Still, he felt fortunate that he and his wife recovered after about three weeks, because he had seen a few older couples on the reservation die.
The Peacekeeper Society operates a weekly food giveaway and delivers food and cleaning supplies to households where people have fallen ill. Jim said he suspected he caught the virus while out on such a delivery.
As soon as he recovered, Jim said, he returned to his work distributing food. On a hot July afternoon, he helped distribute boxes filled with potatoes, zucchini, cabbage and onions to a line of hundreds of cars. Families could choose between chicken and salmon waiting in two kiddie pools stocked with ice.

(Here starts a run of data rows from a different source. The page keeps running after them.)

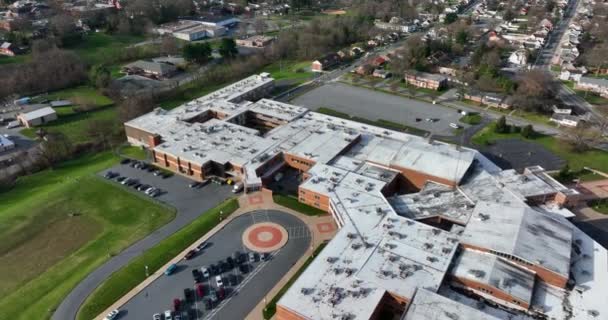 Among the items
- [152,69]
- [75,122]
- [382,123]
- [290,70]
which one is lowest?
[75,122]

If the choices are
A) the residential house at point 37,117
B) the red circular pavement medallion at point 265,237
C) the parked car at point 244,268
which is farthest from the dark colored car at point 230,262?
the residential house at point 37,117

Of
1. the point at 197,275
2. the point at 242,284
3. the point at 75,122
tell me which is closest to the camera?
the point at 242,284

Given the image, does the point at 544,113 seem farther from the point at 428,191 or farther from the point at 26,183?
the point at 26,183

Adding to the toll of the virus among Native Americans has been swift and grim economic fallout.
“People lost jobs really quick,” he said. “We went from serving a dozen people a week to hundreds.”
Tribal epidemiology centers have fought for months to obtain case information from the CDC and are only now receiving snippets of what they requested, several of the dozen U.S. centers said. Without an accurate portrait of the rates of illness within their populations, tribal nations have struggled to receive federal funds aimed at economic recovery and protective gear.
“I think this historic, deep neglect is just coming into sharper focus because of COVID,” said Liz Malerba, policy and legislative affairs director for the United South and Eastern Tribes, a tribal epidemiology center. “It’s always been there, but now you are seeing more clearly what the depths are.”
A spokeswoman from the CDC said the agency was working to fill gaps in its data to better understand the impact of the virus.
“There is still more work to be done to ensure complete race and ethnicity data in the case report forms,” said the spokeswoman, Jasmine Reed.
Since April, the agency has increased its collection of race and ethnicity data from patients tested for the coronavirus, she said.
Malerba said many tribes did not receive federal emergency funds equal to their needs because the Treasury Department allocated the money using census data that undercounted tribal memberships.
“If you eliminate us in the data, you have effectively eliminated us for the allocation of resources,” said Abigail Echo-Hawk, director of the Urban Indian Health Institute.
In California, tribal epidemiologists have tried to uncover cases themselves. The California Department of Public Health publishes a daily count of coronavirus cases, and California Tribal Epidemiology Center pulls data from that tally in order to track the virus among the 87,000 Native people who access tribal health programs in the state.
“We can only see the number, but we don’t know more information about them — where they reside, their specific symptoms,” said Aurimar Ayala, the center’s epidemiology manager. “It means we cannot further investigate those cases.”
She added that the epidemiology center had created a workaround by contacting local clinics and tracking down the cases, but said that it was a cumbersome solution.
Although health officials are still struggling to fully understand the impact of the coronavirus on Native American people, the severity of the crisis in Yakama Nation is clear to residents, some said.
“It’s devastating to our community,” Nunez said. “We have these elders that have lived through residential schools and the outlawing of their own religion. They’ve been keeping this culture alive, and now COVID hits, and it’s taking them from us.”